Alan Mozo ya es nuevo jugador de Cruz Azul y su llegada a La Máquina genera expectativas, aunque también deja una advertencia sobre la mesa. El periodista Javier Alarcón analizó la incorporación y señaló en X que el lateral “aporta y falla” en distintos aspectos, pero consideró que encaja en las necesidades actuales del equipo. Eso sí, puso una condición para que la apuesta funcione: “Cabe en el contexto actual de Cruz Azul, siempre y cuando controle su temperamento. No me desagrada para nada”. Así, el carácter del defensor aparece como uno de los aspectos que más deberá cuidar en esta nueva etapa.
El carácter de Alan Mozo ha marcado su trayectoria
La observación de Alarcón tiene antecedentes. A lo largo de su carrera, Mozo ha protagonizado algunos episodios que terminaron generando cuestionamientos, especialmente durante su etapa con Pumas. En aquella época fue sancionado por incumplir protocolos sanitarios durante la pandemia y, posteriormente, la difusión de un video suyo en una reunión con bebidas alcohólicas también provocó medidas disciplinarias en 2021. Dentro de la cancha, su intensidad tampoco ha pasado desapercibida, pues sus reclamos y acciones al límite en ocasiones terminaron condicionando su participación.
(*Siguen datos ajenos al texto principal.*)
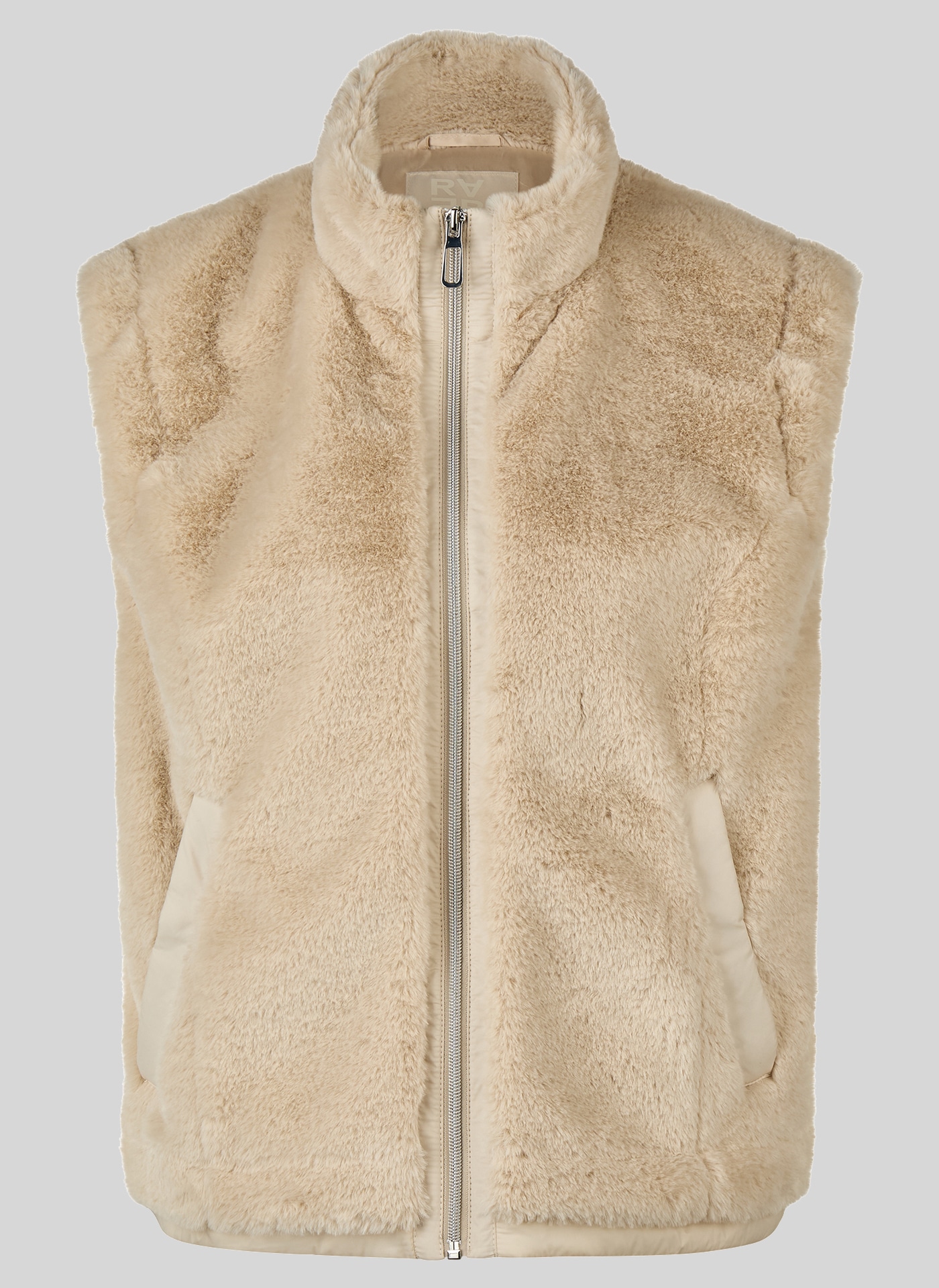 Rabe Gilet en imitation fourrure veste en peluche avec fermeture éclair et col montant
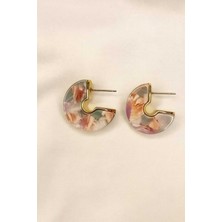 La Florine Pirinç Kaplama Çelik Yarım Halka Küpe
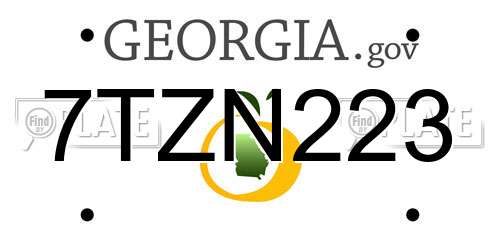 7TZN223 Georgia License Plate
Ahora, con Cruz Azul, tendrá el reto de demostrar que esa faceta puede quedar en segundo plano.
Alarcón alaga la incorporación de Mozo
El análisis de Javier Alarcón coincide con una de las principales necesidades de Cruz Azul bajo el mando de Joel Huiqui: recuperar el orden y reducir las desatenciones defensivas. En este Apertura 2026, el técnico ha apostado por una estructura más equilibrada, en la que cada jugador debe cumplir con responsabilidad sus funciones. En ese contexto, la llegada de Alan Mozo puede ofrecer una alternativa importante por la banda derecha, siempre que logre adaptarse a las exigencias del sistema. Hasta ahora, La Máquina ha recibido solo 5 goles, una cifra que refleja el trabajo defensivo realizado y eleva la exigencia para cualquier refuerzo que se incorpore al equipo.
Mozo regresa después de un largo proceso
A ese desafío se suma el aspecto físico. El lateral sufrió el 1 de febrero de 2026 una fractura helicoidal en el tercio proximal del peroné izquierdo, acompañada de un esguince de segundo grado en el tobillo, durante el encuentro entre Pachuca y Querétaro por la Jornada 4. La gravedad de la lesión lo mantuvo aproximadamente 24 semanas fuera de actividad y lo obligó a completar un extenso proceso de recuperación. Finalmente, volvió a competir el 18 de julio, cuando disputó 85 minutos en el triunfo 3-0 de Pachuca sobre Pumas. Por ello, uno de los primeros objetivos de La Máquina será llevarlo de manera progresiva hasta recuperar toda su confianza y ritmo.
Cruz Azul hizo una apuesta importante por el lateral
Mientras tanto, el club cementero también asumió un compromiso económico considerable. Cruz Azul se hará cargo del 100% del salario de Mozo, cercano a los 2 millones de dólares anuales, y el acuerdo contempla una opción de compra que podría convertirse en obligatoria si el futbolista alcanza el porcentaje de minutos establecido. La operación responde, además, a una necesidad concreta: el equipo busca mayor presencia y regularidad por la banda derecha después de un periodo en el que ha tenido dificultades para proteger su arco. Con 253 partidos en Primera División, Mozo aporta experiencia y recorrido, pero ahora tendrá que demostrar que puede mantenerse sano, rendir con regularidad y, sobre todo, darle la razón a quienes ven en él un refuerzo capaz de marcar diferencia.